Conservatives have succeeded in doing this with the economy. In their extended metaphor, the economy is an arbiter of good and bad. Conservatives describe the economy in these terms not just because it’s effective for their goals but because it’s actually how they understand the economy. Economic success is a reward for not just industry, but goodness, while there is no such thing as economic ‘misfortune’: if you’re poor, it’s because you don’t work hard enough, or do bad things. “In this view,” writes Shenker-Osorio, “taxation is not the collective pooling of resources to pay for what the group needs. It’s a form of punishment — and makes little sense if you believe the purpose of the economy is to reward and encourage “good” behaviour while disincentiviz-ing and curbing “bad” behaviour.”

Absolutely, the conservative priority is not creating wealth, nor reducing spending. It’s making sure that the rich get what they deserve (wealth), and the poor what they deserve (privation). The fact that this is a touch self-perpetuating doesn’t seem to matter. Understanding this narrative is crucial to understanding conservative policy. It explains why economic arguments against offshore detention don’t matter (because moral order is more important) and why taxation is wrong (because it’s punishing people not, as such, for doing well but for doing good.)
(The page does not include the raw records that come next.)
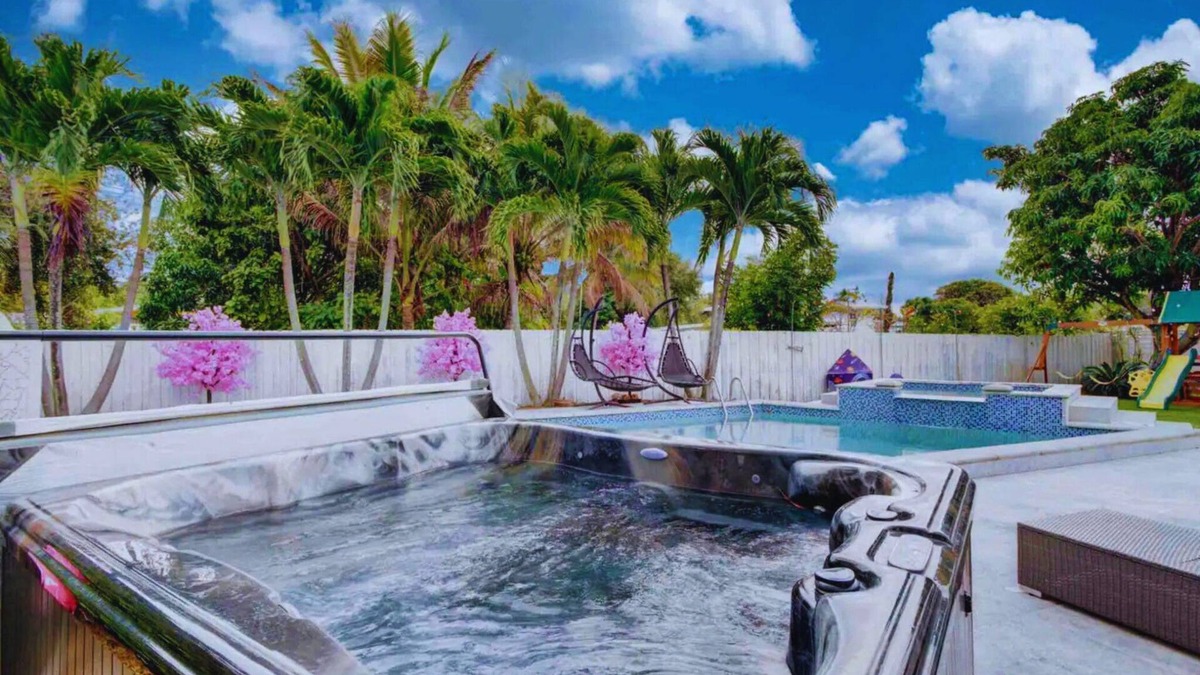 Ives Estates House | The Palms Getaway Villa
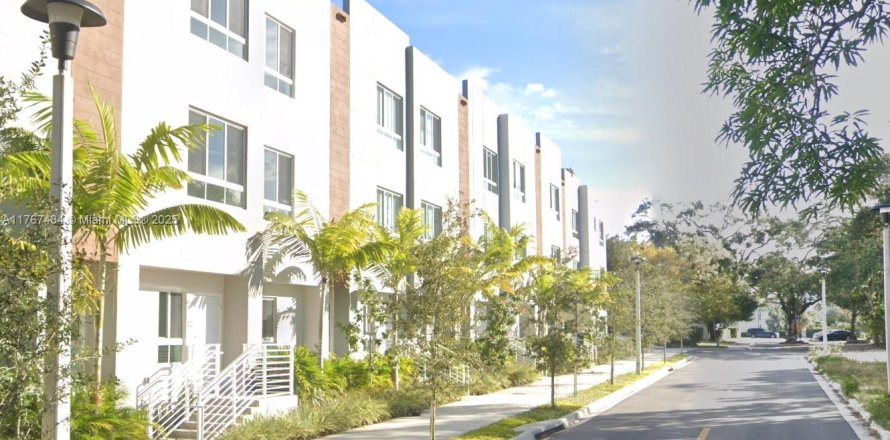 Condominio en Miami, Florida, 2 dormitorios № 1959359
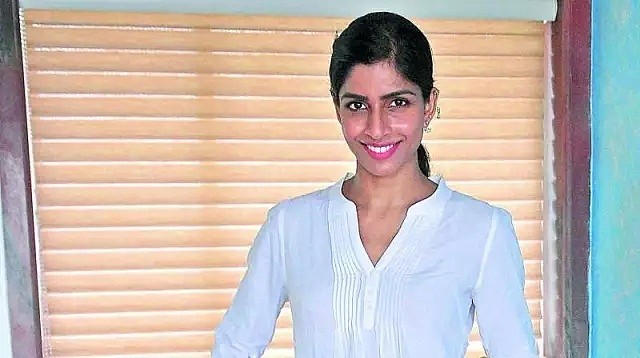 【美女】被称为印度angelbaby，30岁的她惊动CNN，成为全球最年轻的女机长！（组图） - 20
Myself, this worldview makes me recoil in disgust. It is fundamental to a progressive worldview that economic circumstances aren’t a reflection of personal values, that luck plays a big role, and, further, that many people are doing poorly not just because of bad luck but because they weren’t allowed on the bus in the first place [2]. So there is value in understanding this view, admiring its internal coherency, and then rejecting it utterly.

Start from the heart

After discussing metaphors for the economy, Shenkers-Osorio covers much more terrain: how we should frame the global financial crisis, inequality, and wages; how to phrase messages more effectively; ideas for what we could campaign for. Rather than treat such material here, I encourage you to get and read her book — she expresses herself much better than I could paraphrase her.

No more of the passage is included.